* _Work request_: Write out, from the entries below, exactly the lines that run between the lines holding "Holiday Home I" and "tab in DbVisualizer.", inclusive, and stop there.

* _Data excerpts_:

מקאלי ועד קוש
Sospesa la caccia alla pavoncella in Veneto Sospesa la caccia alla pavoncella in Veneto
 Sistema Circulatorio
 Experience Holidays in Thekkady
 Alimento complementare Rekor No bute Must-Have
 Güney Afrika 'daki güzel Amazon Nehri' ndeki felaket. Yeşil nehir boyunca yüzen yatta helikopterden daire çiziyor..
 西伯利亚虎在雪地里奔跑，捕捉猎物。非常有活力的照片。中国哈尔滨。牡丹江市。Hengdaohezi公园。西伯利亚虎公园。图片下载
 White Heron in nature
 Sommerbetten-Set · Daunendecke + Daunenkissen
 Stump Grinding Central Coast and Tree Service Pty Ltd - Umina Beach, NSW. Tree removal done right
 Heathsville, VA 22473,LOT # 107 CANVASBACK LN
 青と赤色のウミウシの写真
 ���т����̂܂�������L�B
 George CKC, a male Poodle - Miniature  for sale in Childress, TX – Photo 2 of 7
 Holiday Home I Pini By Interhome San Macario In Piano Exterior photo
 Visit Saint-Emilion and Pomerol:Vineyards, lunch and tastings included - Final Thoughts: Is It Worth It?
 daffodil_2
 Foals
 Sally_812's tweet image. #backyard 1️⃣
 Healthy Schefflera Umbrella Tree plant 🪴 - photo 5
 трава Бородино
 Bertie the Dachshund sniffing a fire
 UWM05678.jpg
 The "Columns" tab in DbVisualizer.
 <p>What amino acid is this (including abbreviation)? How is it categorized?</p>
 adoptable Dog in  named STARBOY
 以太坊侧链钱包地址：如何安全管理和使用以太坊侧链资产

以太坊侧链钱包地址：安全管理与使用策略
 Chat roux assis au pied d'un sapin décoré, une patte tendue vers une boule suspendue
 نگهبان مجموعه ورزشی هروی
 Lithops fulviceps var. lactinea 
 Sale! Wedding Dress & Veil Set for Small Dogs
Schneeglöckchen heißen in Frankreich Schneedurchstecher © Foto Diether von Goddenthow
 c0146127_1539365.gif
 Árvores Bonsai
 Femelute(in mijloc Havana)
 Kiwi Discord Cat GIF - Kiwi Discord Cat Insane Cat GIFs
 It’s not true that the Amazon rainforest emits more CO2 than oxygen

* _Answer to this task_:
 Holiday Home I Pini By Interhome San Macario In Piano Exterior photo
 Visit Saint-Emilion and Pomerol:Vineyards, lunch and tastings included - Final Thoughts: Is It Worth It?
 daffodil_2
 Foals
 Sally_812's tweet image. #backyard 1️⃣
 Healthy Schefflera Umbrella Tree plant 🪴 - photo 5
 трава Бородино
 Bertie the Dachshund sniffing a fire
 UWM05678.jpg
 The "Columns" tab in DbVisualizer.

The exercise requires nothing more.